Scene-LLM: Extending Language Model for 3D Visual Understanding and Reasoning
- URL: http://arxiv.org/abs/2403.11401v2
- Date: Fri, 22 Mar 2024 18:52:51 GMT
- Title: Scene-LLM: Extending Language Model for 3D Visual Understanding and Reasoning
- Authors: Rao Fu, Jingyu Liu, Xilun Chen, Yixin Nie, Wenhan Xiong,
- Abstract summary: Scene-LLM is a 3D-visual-language model that enhances embodied agents' abilities in interactive 3D indoor environments.
Our experiments with Scene-LLM demonstrate its strong capabilities in dense captioning, question answering, and interactive planning.
- Score: 24.162598399141785
- License: http://arxiv.org/licenses/nonexclusive-distrib/1.0/
- Abstract: This paper introduces Scene-LLM, a 3D-visual-language model that enhances embodied agents' abilities in interactive 3D indoor environments by integrating the reasoning strengths of Large Language Models (LLMs).

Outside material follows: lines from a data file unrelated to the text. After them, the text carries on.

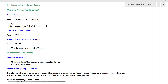Hello everyone. Today we are going to discuss reinforcement detailing of beams according to the Eurocode. Detailing methods and detailing requirements will be discussed today — maximum reinforcement area, minimum reinforcement area, and reinforcement bar spacing. All those related to beam reinforcement are going to be discussed today. Let's start the discussion.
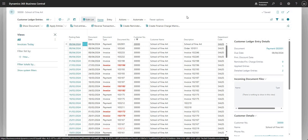Just to recap: we started with a sales quote, processed it into a sales order, processed the sales order into a posted sales invoice, and posted a payment against that invoice which is now applied and closed. That's the full end-to-end out-of-the-box sales quote-to-cash process in Business Central — just to give you an idea of how it works end to end. I hope you found that useful. Thanks for watching and I'll see you on the next one.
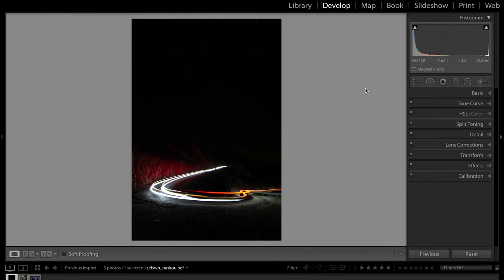For night photography and Milky Way photography, make sure you start with a photo that was as clean as possible in-camera. We also have an exposure of 30 seconds. You can see there are car trails here from a car that went by during the exposure, and it illuminated some of this cliff, so we have some information there.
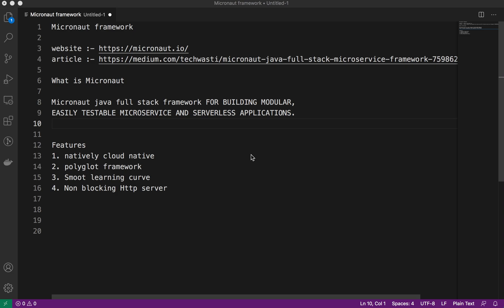The developers behind the Micronaut framework are those who developed the Grails framework, which is the Groovy-based framework. They have experience developing JVM-based frameworks and know the pros and cons of existing frameworks. They chose the best from existing frameworks and developed Micronaut, which comes into the picture when we hear about using very minimal memory footprint.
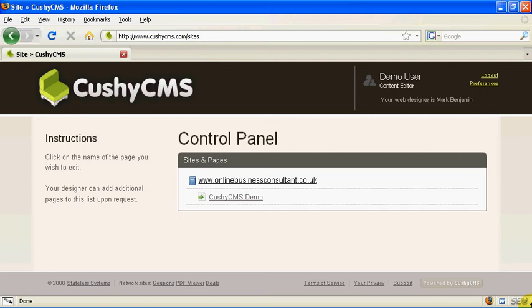Hi, this is Mark from onlinebusinessconsultant.co.uk and today we're going to have a look at how to insert an image into your website using CushyCMS.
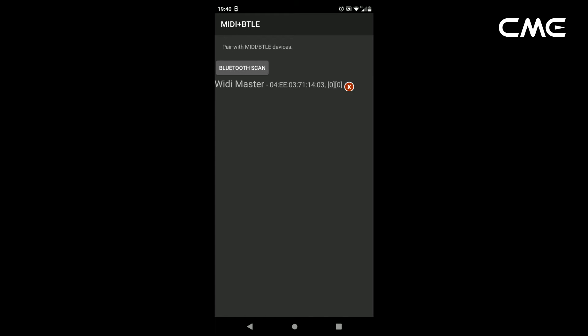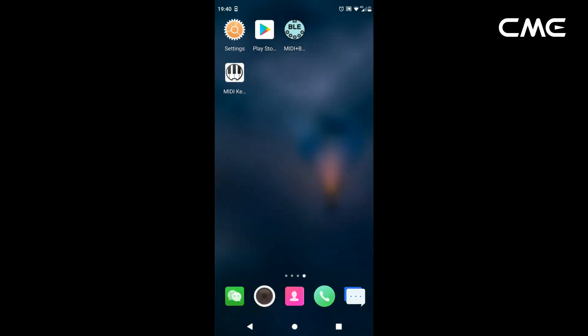At the same time, the Android system will send a Bluetooth pairing request notification. Please click on the notification and accept the pairing request. After this, you can press the Home button on the Android device to minimize the MIDI BLE Connect app and keep it running in the background.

Scene-LLM adopts a hybrid 3D visual feature representation, that incorporates dense spatial information and supports scene state updates. The model employs a projection layer to efficiently project these features in the pre-trained textual embedding space, enabling effective interpretation of 3D visual information. Unique to our approach is the integration of both scene-level and ego-centric 3D information. This combination is pivotal for interactive planning, where scene-level data supports global planning and ego-centric data is important for localization. Notably, we use ego-centric 3D frame features for feature alignment, an efficient technique that enhances the model's ability to align features of small objects within the scene. Our experiments with Scene-LLM demonstrate its strong capabilities in dense captioning, question answering, and interactive planning. We believe Scene-LLM advances the field of 3D visual understanding and reasoning, offering new possibilities for sophisticated agent interactions in indoor settings.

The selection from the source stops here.